Span Metrics Cardinality Limiting

Span metrics can generate extremely high cardinality when dynamic values—such as UUIDs or timestamps—are used in label fields like span_name. This can result in:

  • Excessive time series creation and broken APM experiance
  • Significantly higher data volume being sent (eats units quota)
  • Performance degradation

To mitigate this, Coralogix adopts a mechanism similar to the OpenTelemetry Metrics SDK cardinality limits. This feature introduces an automatic, configurable cardinality control mechanism within the spanmetrics pipeline of the OpenTelemetry Collector.

Coralogix will detect and expose when services exceed their cardinality limits, ensuring users have visibility into dropped series and can take corrective action early. This includes both backend detection. In future versions we will add frontend UI representation.

How it works

Per-service-per-metric cardinality limit

  • A threshold (e.g., 100,000) is applied per service per metric.

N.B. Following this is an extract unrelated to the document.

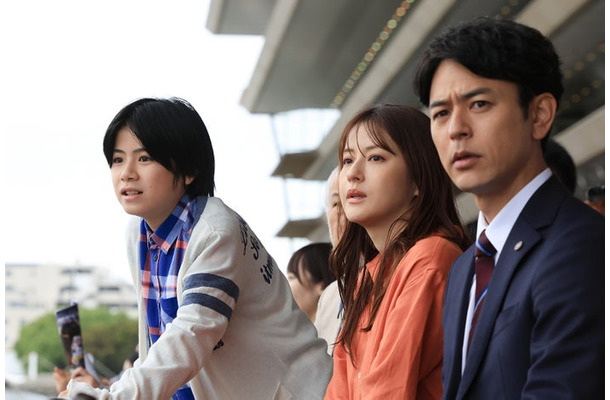 三浦綺羅、松本若菜、妻夫木聡「ザ・ロイヤルファミリー」 第5話（C）TBS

    • For example, calls_total{service="order-service"} will have a 100,000 series cap.
  • This ensures high-cardinality services do not impact others globally.

Overflow redirection with a fallback label

  • Once the time series limit is reached, new unique combinations of labels are no longer tracked individually.
  • Instead, the corresponding spans are aggregated into a fallback series that includes the special label:

    otel_metric_overflow="true"
    
  • Example: Cardinality limit of 3, with 5 time series sent (each with 50 spans)

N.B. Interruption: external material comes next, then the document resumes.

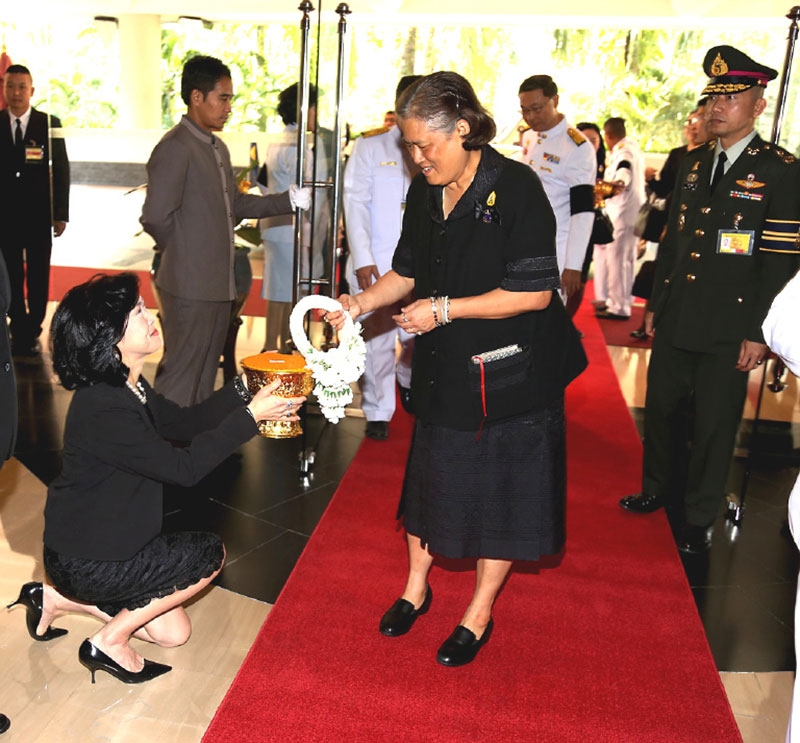 สมเด็จพระเทพรัตนราชสุดาฯ สยามบรมราชกุมารี เสด็จพระราชดำเนินไปทรงเปิดการประชุมวิชาการวิทยาศาสตร์และเทคโนโลยีแห่งประเทศไทย ครั้งที่ 42 จัดโดย สมาคมวิทยาศาสตร์แห่งประเทศไทยในพระบรมราชูปถัมภ์ และ คณะวิทยาศาสตร์ มหาวิทยาลัยเกษตรศาสตร์ ณ โรงแรมเซ็นทาราแกรนด์ฯ ลาดพร้าว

    calls_total{service_name="A", span_name="uuid1"} 
    calls_total{service_name="A", span_name="uuid2"} 
    calls_total{service_name="A", span_name="uuid3"} 
    calls_total{service_name="A", otel_metric_overflow="true"} 
    
    • The first 3 series are preserved.
    • The remaining 100 spans are collapsed into a single time series tagged with otel_metric_overflow="true".

Configuration options

Collector configuration (for all environments)

You can manually add the cardinality limit protection in the OpenTelemetry Collector:

spanmetrics:
  aggregation_cardinality_limit: 100000

K8s - Helm configuration (values.yaml)

The following preset is provided by default:

spanMetrics:
  aggregationCardinalityLimit: 100000

To disable it (or change) set value to 0:

spanmetrics:
  aggregation_cardinality_limit: 0

Retention scope

  • Tracked time series are stored in-memory only and are cleared when the OpenTelemetry Collector or sending pod restarts—no persistent state is maintained.
  • If a service stops sending data for 5 minutes, its cache is reset automatically.
  • If the service is redeployed without stopping data flow, the cache persists; to reset it, either restart the collector or allow the service to idle for 5 minutes.

Best practices for alerting

  • Set up alerts based on the presence of the label otel_metric_overflow="true".
  • This allows early detection of cardinality issues—as soon as overflow begins, even if only a single value is dropped.

Example PromQL expression:

sum by (service_name) (duration_ms_bucket{otel_metric_overflow="true"}) > 0

This expression:

  • Groups metrics by service_name.
  • Triggers the alert if overflowed time series exists.
  • Useful for early warning before overflow volume becomes significant.